POET supports four different kind of sections. The code and xform sections define the generic transformations that can be applied to arbitrary code. The define and output sections define the transformations that can be applied to any particular input code.
(1) poet : {section}
(2) section :
"<" "code" ID {codeAttr} ">" Exp "<" "/code" ">"
(3) | "<" "xform" ID {xformAttr} ">" Exp "<" "/xform" ">"
(4) | "<" "define" ID Exp ">"
(5) | "<" "output" FNAME Exp ">"
(6) codeAttr : "pars" "=" "(" ID {"," ID} ")"
(7) xformAttr : "pars" "=" "(" ID {"," ID} ")"

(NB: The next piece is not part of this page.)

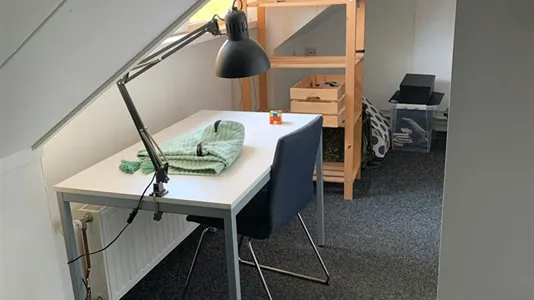 Rooms in Emmen - photo 4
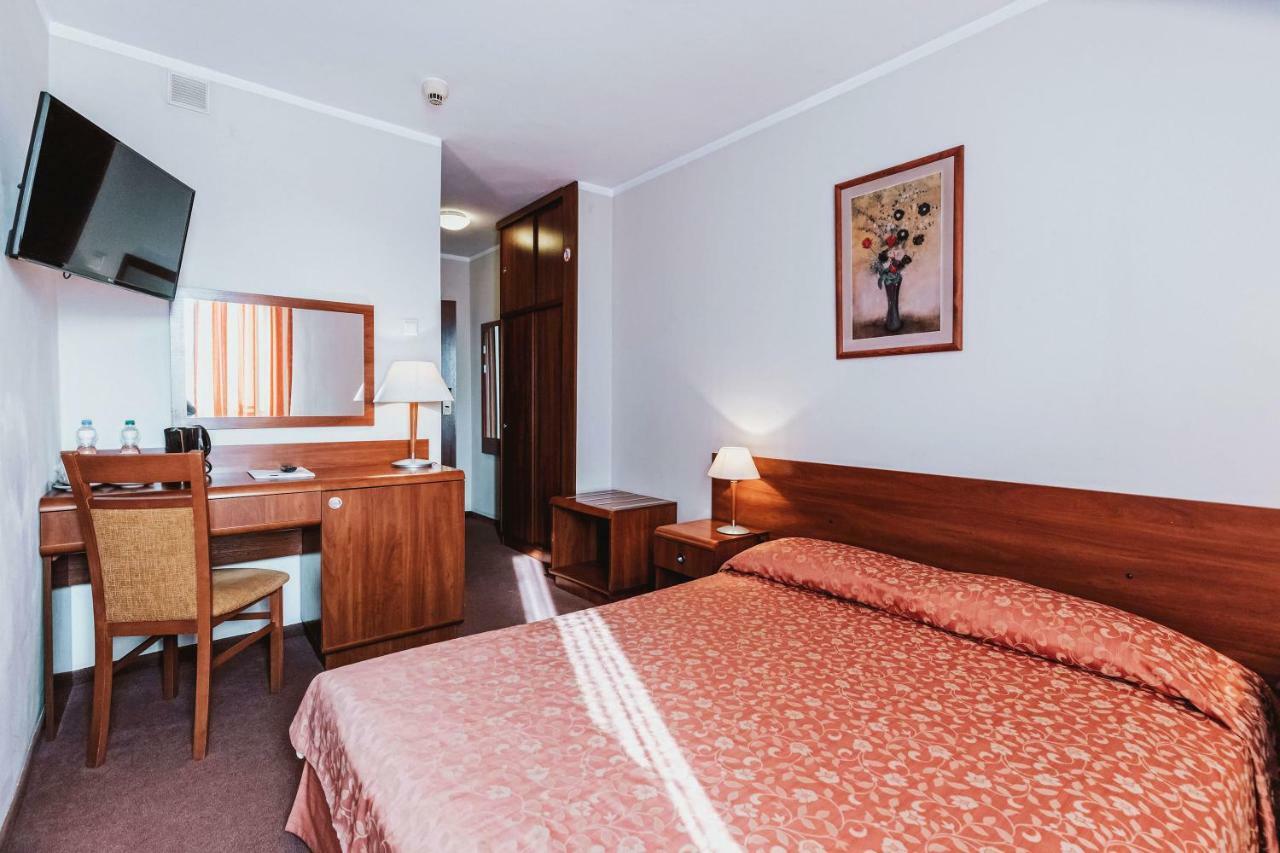 Hotel Gromada Łomża エクステリア 写真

(8) | "tune" "=" "("ID"="INT{","INT} {";"ID"="INT{","INT}}")"
(9) Exp : Op
| Op ";" Exp | Op "," Exp | Op Exp
(10)Op : "if" Op "then" Op "else" Op
(11) | ID {"." ID} "=" Op
(12) | ID ":" Op
(13) | ID {"." ID} "#" Unit | ["car","cdr",INT] "#" Op
(14) | REPLACE "#" "(" Op "," Op "," Op ")"
(15) | PERMUTE "#" "(" Op "," Op ")"
(16) | DUPLICATE "#" "(" Op "," Op "," Op ")"
(17) | Op ["+","-","*"] Op | "-" Op
(18) | Op ["<","<=",">",">=","==","!="] Op
(19) | "!" Op | Op "&&" Op | Op "||" Op
(20) | Unit
(21)Unit : ID {"." ID} | INT | SOURCE | "(" Exp ")"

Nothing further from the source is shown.